This science-fiction short story by Pavel Amnuel about a pulsar-orbiting planet illustrates the idea about the possibility of predicting discoveries, which is discussed in his article “Future of Science: Discoveries – Expected and Unexpectable”

The doctors told the truth: Kim Yavorsky indeed changed after the accident, as if all his life force had gone into restoring his hand.

Basiola hoped to sneak in without a sound, but a branch cracked under his foot. Caught off-guard, he stumbled over a hose that lay across the path and, barely keeping himself from falling, grabbed a rose bush. Kim, who turned back at his scream, watched his friend’s manipulations with a smile. They hugged.

“You’ve lost weight, Kim,” Basiola said, almost approvingly.

“Lost weight?” Yavorsky doubted him. “Ah, yes, we haven’t seen each other long. I lost twelve kilos when I was prepping for the zero-trans test, and another five after the accident. And don’t you look at me like that, Joo…”

“We don’t see each other much,” Basiola sighed. “At the institute I knew you in-and-out, but now only your outer shell looks familiar… almost.”

“You’d better drop me a problem, an unsolved one,” said Kim. “I got moldy in this clinic. Look, caterpillars are crawling all over me… Before the accident I was working on a discovery heurister. Have you heard of it?”

Basiola had. Basiola’s attitude towards Kim’s work was certain and, of course, negative. Basiola did not want to discuss it now; he had no desire to turn this meeting with his old friend, whom he had not seen for three years, into a fruitless methodological dispute.

“I saw your Olya,” he said, clumsily changing the subject. “She’s growing more beautiful…”

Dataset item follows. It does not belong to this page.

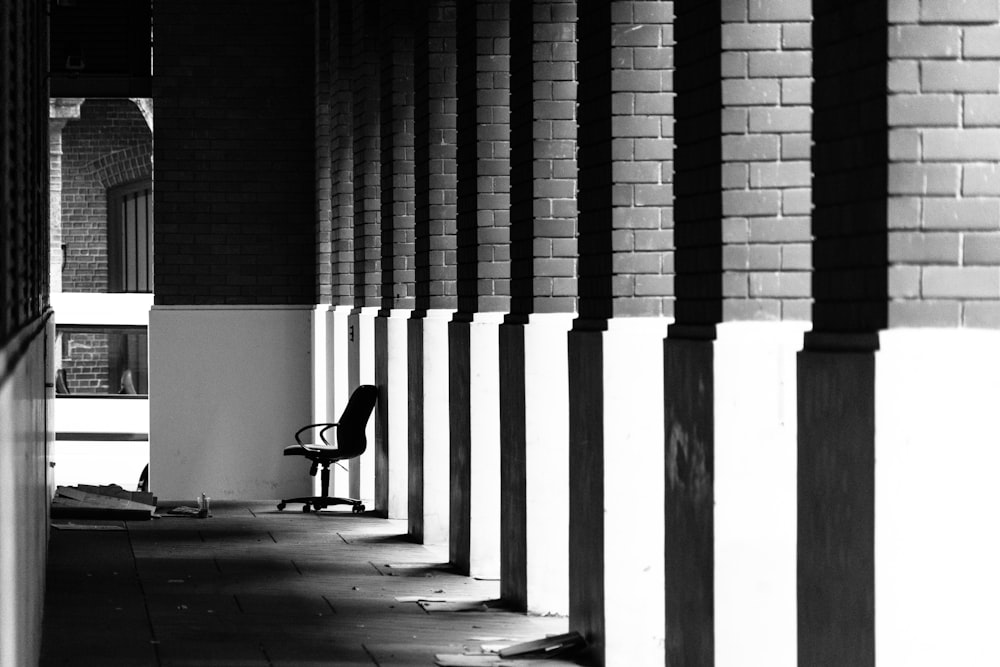 grayscale photography of black rolling chair on pathway with pillar post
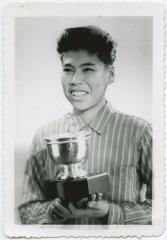 [Male student holding trophy]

“And me, not so much,” Kim finished his phrase. “Listen, Joo, if any of us two has changed, it’s you. You always pushed me away if you thought crazy that another idea of mine. Now you don’t believe in the predictability of scientific discovery, and you dodge the dispute. It doesn’t sound like you… Drop me a problem. You must have more problems than solutions at your Contacts Committee, don’t you? Remember the story with the Dorado pulsar.”

“That thing isn’t worth all that talking,” Basiola said vaguely.

“What is it worth then?”

“A memorial stone,” muttered Basiola. “They found a dead civilization. The pulsar is only half a parsec away, but it does not radiate in the Earth’s direction, so it’s impossible to detect it from here. The Formalhaut mission only by chance recorded its pulses in the radio and gamma ranges. That same mission discovered the planet…”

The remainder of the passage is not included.